Former Giants’ minor league catcher turns to coaching


SF State assistant baseball coach Tyler LaTorre talks to Golden Gate Xpress reporter during an interview on SF State campus Thursday, Feb.11. (Qing Huang / Xpress)

After 10 years in minor league baseball, nine of which he played in the San Francisco Giants’ minor league system, new SF State assistant baseball coach Tyler LaTorre is thrilled to begin a career in coaching.

Just last March, LaTorre signed a one-year contract with the Milwaukee Brewers and was playing for the Biloxi Shuckers, the Brewers Double-A team. Five months later, he got the call he had been waiting for. It wasn’t a call up to the majors, but it was an offer to start coaching, something he had always wanted to do.

“When you get to play 10 years, you always wonder what’s next,” LaTorre said. “It’s always been in the back of my mind that I wanted to get in college coaching.”

LaTorre, who’s played with Giants pitchers Madison Bumgarner and Tim Lincecum, among others, got the call from new head baseball coach Tony Schifano. Schifano and LaTorre are both former UC Davis Aggies and have cultivated a relationship over the years. 

“Tyler has always been in the back of my mind as a guy that I could offer a coaching job,” Schifano said. “However, he’s been busy playing professional baseball.” 

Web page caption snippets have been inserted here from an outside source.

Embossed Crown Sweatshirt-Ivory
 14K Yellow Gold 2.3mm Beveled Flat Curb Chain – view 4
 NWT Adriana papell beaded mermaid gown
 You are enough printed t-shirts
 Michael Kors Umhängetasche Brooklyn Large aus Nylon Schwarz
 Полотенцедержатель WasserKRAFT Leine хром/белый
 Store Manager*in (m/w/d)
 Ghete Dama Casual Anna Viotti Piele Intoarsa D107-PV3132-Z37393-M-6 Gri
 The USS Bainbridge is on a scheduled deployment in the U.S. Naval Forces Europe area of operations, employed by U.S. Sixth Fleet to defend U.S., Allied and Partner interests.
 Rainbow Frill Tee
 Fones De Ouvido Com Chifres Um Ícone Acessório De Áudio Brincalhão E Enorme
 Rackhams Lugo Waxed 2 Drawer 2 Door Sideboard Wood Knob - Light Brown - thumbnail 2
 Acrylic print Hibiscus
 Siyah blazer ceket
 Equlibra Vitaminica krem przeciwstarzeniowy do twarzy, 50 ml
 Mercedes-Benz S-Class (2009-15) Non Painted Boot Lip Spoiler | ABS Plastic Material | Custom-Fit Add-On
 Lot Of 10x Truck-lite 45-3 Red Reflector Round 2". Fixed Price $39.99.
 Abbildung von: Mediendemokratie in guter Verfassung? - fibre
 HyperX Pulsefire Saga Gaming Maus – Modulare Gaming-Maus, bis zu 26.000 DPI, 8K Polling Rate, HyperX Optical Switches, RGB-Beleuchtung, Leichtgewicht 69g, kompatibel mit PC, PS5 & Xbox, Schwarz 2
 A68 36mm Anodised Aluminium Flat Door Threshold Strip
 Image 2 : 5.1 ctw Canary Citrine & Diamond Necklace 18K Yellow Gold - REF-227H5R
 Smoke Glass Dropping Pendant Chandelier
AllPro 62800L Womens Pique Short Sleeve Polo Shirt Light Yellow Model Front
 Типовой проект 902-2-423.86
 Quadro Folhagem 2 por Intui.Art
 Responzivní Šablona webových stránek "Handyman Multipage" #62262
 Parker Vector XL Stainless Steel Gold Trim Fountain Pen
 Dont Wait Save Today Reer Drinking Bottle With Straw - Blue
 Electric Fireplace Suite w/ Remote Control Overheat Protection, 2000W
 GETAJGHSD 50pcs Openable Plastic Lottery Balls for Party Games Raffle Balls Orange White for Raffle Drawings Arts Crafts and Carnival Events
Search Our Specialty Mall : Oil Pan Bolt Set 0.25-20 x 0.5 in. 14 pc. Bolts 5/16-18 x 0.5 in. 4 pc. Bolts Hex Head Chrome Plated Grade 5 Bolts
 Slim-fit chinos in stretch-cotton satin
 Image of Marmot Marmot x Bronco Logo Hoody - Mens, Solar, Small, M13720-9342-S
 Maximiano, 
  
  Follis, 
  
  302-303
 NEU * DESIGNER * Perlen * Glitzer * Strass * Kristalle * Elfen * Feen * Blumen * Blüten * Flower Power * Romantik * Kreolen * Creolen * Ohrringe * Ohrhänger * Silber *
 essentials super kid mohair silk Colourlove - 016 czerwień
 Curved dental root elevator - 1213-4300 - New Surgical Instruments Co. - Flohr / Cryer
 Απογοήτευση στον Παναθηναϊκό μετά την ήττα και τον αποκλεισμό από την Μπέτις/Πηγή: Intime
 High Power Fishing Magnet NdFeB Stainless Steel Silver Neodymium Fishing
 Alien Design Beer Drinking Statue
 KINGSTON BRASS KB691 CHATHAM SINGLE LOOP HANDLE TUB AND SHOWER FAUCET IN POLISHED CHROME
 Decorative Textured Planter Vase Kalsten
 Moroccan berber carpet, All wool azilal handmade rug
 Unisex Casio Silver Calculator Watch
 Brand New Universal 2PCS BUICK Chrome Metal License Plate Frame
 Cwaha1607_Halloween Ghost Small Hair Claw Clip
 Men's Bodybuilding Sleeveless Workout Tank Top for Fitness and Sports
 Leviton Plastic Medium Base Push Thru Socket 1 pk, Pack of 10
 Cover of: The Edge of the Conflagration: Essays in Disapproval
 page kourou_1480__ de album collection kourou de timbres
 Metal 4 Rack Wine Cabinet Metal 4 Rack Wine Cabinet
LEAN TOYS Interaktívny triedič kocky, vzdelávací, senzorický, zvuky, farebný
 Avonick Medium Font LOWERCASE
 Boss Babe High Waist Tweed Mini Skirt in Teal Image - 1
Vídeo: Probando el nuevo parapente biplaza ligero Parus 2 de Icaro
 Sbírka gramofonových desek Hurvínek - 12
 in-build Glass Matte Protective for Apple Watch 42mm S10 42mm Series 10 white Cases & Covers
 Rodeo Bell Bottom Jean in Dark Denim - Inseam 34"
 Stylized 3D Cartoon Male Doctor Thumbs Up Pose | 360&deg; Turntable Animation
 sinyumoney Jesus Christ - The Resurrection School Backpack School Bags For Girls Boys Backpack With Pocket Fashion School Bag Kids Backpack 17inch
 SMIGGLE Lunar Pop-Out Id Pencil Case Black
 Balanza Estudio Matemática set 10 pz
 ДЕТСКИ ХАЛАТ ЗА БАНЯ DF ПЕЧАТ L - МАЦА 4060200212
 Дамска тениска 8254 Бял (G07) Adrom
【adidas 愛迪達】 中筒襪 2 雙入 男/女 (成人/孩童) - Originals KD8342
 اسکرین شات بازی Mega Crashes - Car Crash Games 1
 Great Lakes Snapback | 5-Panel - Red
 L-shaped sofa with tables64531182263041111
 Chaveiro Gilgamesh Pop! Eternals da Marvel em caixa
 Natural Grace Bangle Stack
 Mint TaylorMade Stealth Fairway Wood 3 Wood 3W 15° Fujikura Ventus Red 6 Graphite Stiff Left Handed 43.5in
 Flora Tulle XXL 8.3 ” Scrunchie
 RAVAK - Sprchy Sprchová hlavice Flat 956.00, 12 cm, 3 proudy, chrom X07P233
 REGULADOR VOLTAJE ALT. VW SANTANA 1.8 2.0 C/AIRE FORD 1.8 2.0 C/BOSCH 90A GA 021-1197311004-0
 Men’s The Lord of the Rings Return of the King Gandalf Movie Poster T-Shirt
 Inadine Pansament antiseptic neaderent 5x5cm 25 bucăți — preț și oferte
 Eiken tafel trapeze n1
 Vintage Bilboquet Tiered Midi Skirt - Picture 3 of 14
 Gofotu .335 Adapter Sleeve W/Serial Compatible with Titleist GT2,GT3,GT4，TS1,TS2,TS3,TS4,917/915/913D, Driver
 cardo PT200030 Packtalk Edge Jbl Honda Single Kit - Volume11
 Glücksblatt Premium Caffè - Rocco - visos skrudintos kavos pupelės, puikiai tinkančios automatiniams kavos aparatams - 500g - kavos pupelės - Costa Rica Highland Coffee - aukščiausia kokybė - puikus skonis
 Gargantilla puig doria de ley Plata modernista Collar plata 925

SF State assistant baseball coach Tyler LaTorre poses for a portrait on SF State campus Thursday, Feb.11. (Qing Huang / Xpress)
SF State assistant baseball coach Tyler LaTorre poses for a portrait on SF State campus Thursday, Feb.11. (Qing Huang / Xpress)

At age 32, retiring from baseball was a tough choice, something LaTorre said he had to discuss with his wife and family.

“When he offered me this opportunity, he didn’t put any pressure on me,” LaTorre said about Schifano. “I don’t want to look back and regret I stopped playing.”

Whether or not LaTorre will fit into Schifano’s team, he certainly has the experience to succeed.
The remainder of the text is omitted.